[EXERCISE OBJECTIVE] A verbatim copy of all the data is required, minus any images.

[SOURCE DATA]
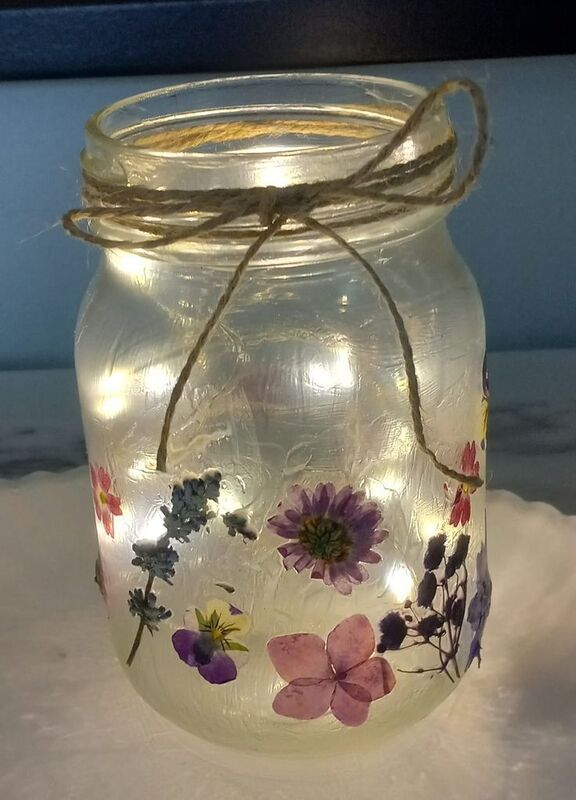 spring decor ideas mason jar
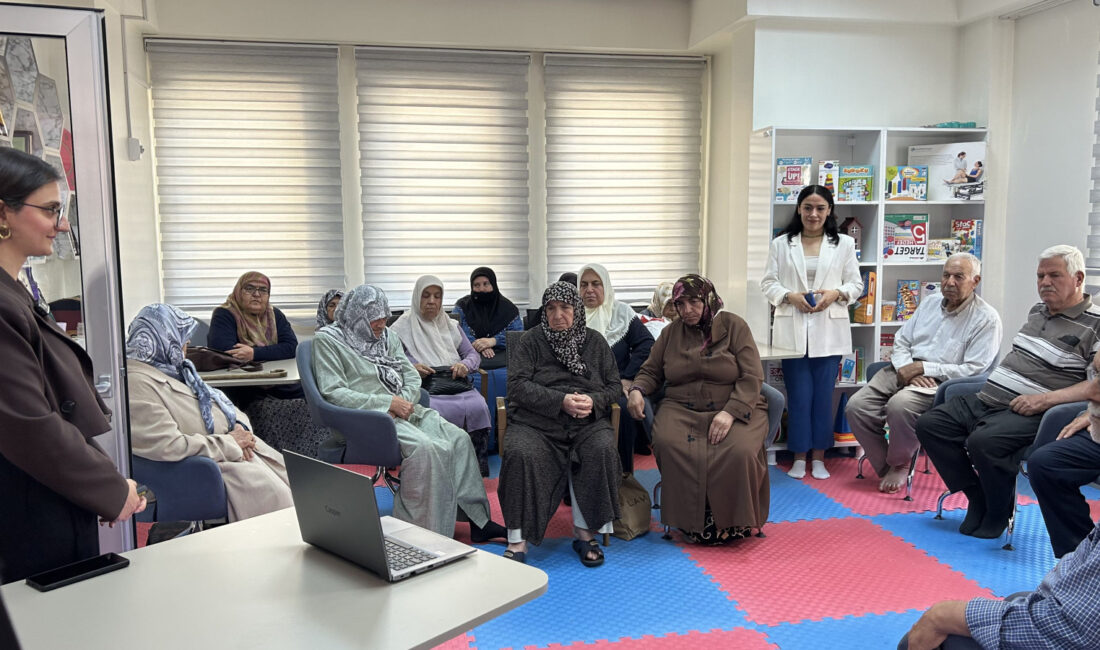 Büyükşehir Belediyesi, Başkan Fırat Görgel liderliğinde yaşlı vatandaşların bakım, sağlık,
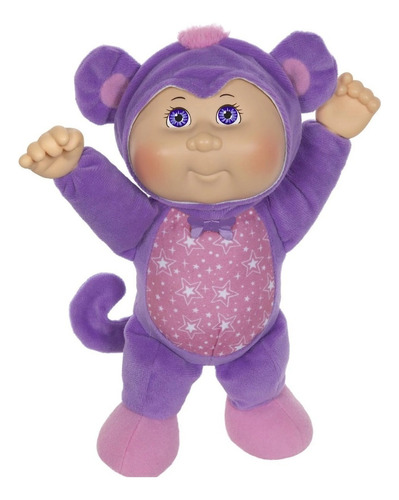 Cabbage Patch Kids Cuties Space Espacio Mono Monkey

[TASK OUTPUT]
 spring decor ideas mason jar
 Büyükşehir Belediyesi, Başkan Fırat Görgel liderliğinde yaşlı vatandaşların bakım, sağlık,
 Cabbage Patch Kids Cuties Space Espacio Mono Monkey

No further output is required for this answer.